December 29, 2016 11:31 am

From the article:
One, most people have no coherent ideology and no firm opinions on “issues,” as they are defined in politics.
Two, partially as a consequence, “elite discourse is the most important driver of public opinion.”
(A third item note is needed); THIRD, those people that believe and depend upon items One & Two will continue to be very confused as to how someone like Trump became president.

Taphonomic
December 29, 2016 11:44 am

Why are they attempting to sway the conservative elites?
Why not sway China and India who are rapidly increasing their CO2 output and have no intent on cutting back on their rate of increase any time soon (if at all)?

Joel Snider
December 29, 2016 12:30 pm

That’s the thing – people on the opposite side of the aisle aren’t sheep. Independents like myself deserted the Left when they started going control-freak nuts.

hunter
December 29, 2016 12:33 pm

Let’s just make sure that we understand what the author really means by “liberals and scientists”. The inference is that liberalism is scientific. What a pathetic joke that is. Then the use of “denialist” is just an acceptable way to call those not approved of “ni99er”. The author relies completely on bigotry, dehumanization, and assumes superiority no less than some southern cracker racist in exploring why we uppity skeptics just won’t cooperate and go along with the obvious superiority of “liberals and scientists”. What a pathetic corrupt article.

Robber
December 29, 2016 1:10 pm

My new year wish is that climate evangelists lead by example and return to their “Eden-like” world.
They can start by stopping using any carbon-based fuels for transport or electricity or communications or health care, and go live in the country producing their own food while protecting the environment at all times.
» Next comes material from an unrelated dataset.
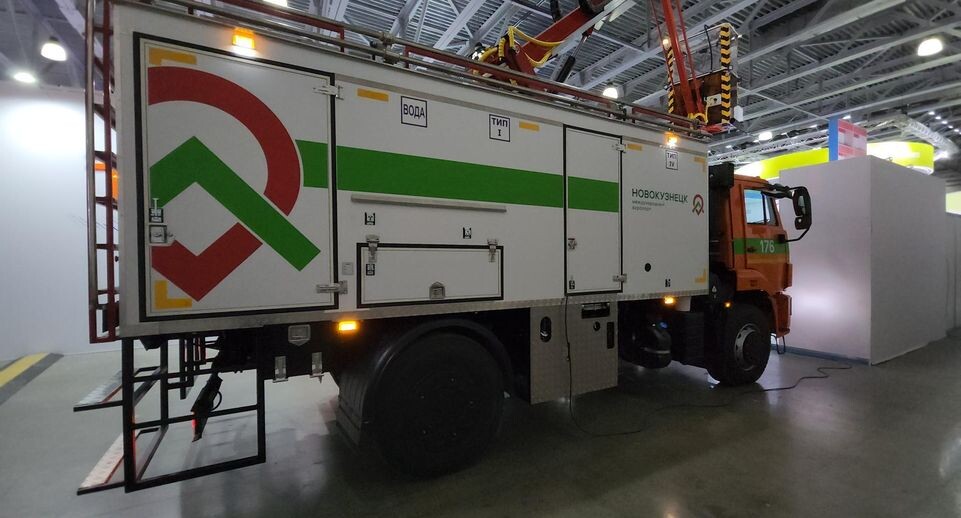    Артём Мишуков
And the rest of us can get on enjoying our own lives without being constantly harangued by idiotic idealogues.

December 29, 2016 2:42 pm

Well.. the only way they are going to make me a confirmed avid believer in global warming is caused exclusively and only by the burning of fossil fuels is by actually proving it – not just producing models which have rather studiously avoided reality for a few decades now!
However, I no longer identify with conservatives or liberals so appealing to the ‘political’ side of me won’t work either. I’m a realist, and neither political point of view seems to reside much in reality anymore.

Warren Latham
December 29, 2016 2:50 pm

Dear Mr. Baldwin (fellow of psychology),
Your climates on earth change during every second of time, all the time, since it began.
When did any of those climates stop changing ?
I deny that climates do not change and everyone is unable to disagree with that statement.
Your problem seems to be … well … YOU.
If you need to understand how it works, you have only to ask and you shall have the answer.

Johann Wundersamer
December 31, 2016 3:00 am

How can conservative elites be persuaded to think and communicate differently about climate change? That’s a subject for another post, but here’s a spoiler: The answer won’t be found in clever arguments or skillful persuasion, but in money, power, and material interests.
_______________________________________
So how does that any good to army veterans.
How does this any good to police officers without ‘Occupational disability insurance’.
Where are the police unions that work on the countries abilities.
Huh

January 3, 2017 9:16 am

“Only conservative elites can change conservative climate beliefs”
These people have bought into the notion that conservatives are mindless sheep led by Rush Limbaugh. In reality, conservatives saw the one-sided bias in the mainstream media. Wikileaks, which exposed egregious acts of collusion between the MSM and DNC such as the NYT consulting the Hillary campaign on which stories to run about her and CNN asking the Hillary campaign which questions to ask Donald Trump in the debate between him and Hillary Clinton, only validates the slanted reporting that conservatives has known about for decades. Liberals can’t seem to grasp that their media outlets drove conservatives to alternative media. The “conservative elites” are not pied pipers mesmerizing conservatives into following them.